Iron Dragon
- Designers: Tom Wham & Darwin Bromley
- Publishers: Mayfair Games (UK, U.S.)
- Players: 2 to 6
- Setup time: approx. 10 minutes
- Playing time: 120 to 600 minutes
- Chance: Medium
- Age range: 12 years and up
- Skills: strategic planning, rail building

= Iron Dragon (board game) =

Iron Dragon is a board game by Mayfair Games. Unlike the other Empire Builder games, it is set in a fantasy world with dragon-based locomotives. Eden Games licensed the game from Mayfair to produce a Windows version of the game, Rail Empires: Iron Dragon.

==Gameplay==
The goal of Iron Dragon is to connect seven of the game’s eight major cities with rails and amass 250 gold pieces. Players spend money to build railways and earn money by using them to deliver goods such as dragons, wands, spells, pipeweed, gems, wine and ale. Demand cards indicate three different combinations of good requested, city to which to deliver, and payout; generally longer distances between good production regions and destinations yield higher payouts. Players can upgrade trains for speed and cargo capacity, hire foremen to reduce building costs in various terrain, and even set sail to deliver cargo.

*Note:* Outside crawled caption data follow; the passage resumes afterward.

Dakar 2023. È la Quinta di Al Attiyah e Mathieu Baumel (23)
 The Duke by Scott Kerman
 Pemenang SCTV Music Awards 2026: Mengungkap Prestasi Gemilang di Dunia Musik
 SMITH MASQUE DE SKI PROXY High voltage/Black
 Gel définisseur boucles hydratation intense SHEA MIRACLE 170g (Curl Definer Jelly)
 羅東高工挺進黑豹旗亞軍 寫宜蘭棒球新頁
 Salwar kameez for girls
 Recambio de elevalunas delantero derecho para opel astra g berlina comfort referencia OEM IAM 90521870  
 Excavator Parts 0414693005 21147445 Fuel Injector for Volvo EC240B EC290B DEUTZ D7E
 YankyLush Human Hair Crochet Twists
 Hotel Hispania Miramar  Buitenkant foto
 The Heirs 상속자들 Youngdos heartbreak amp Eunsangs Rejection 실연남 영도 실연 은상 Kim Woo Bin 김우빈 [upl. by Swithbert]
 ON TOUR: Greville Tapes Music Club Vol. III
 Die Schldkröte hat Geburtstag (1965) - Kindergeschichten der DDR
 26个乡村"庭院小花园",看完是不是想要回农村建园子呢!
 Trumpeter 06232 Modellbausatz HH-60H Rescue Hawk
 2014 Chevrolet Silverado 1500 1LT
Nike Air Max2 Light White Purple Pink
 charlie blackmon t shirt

Interaction between players is limited to competition for routes, as only one player can own the connection between any two markers, and the usually negative effects of event cards, which affect all players but may harm some more than others.

==Reception==
Scott Haring reviewed Iron Dragon for Pyramid #13 (May/June, 1995) and stated that "Iron Dragon carries my highest recommendation."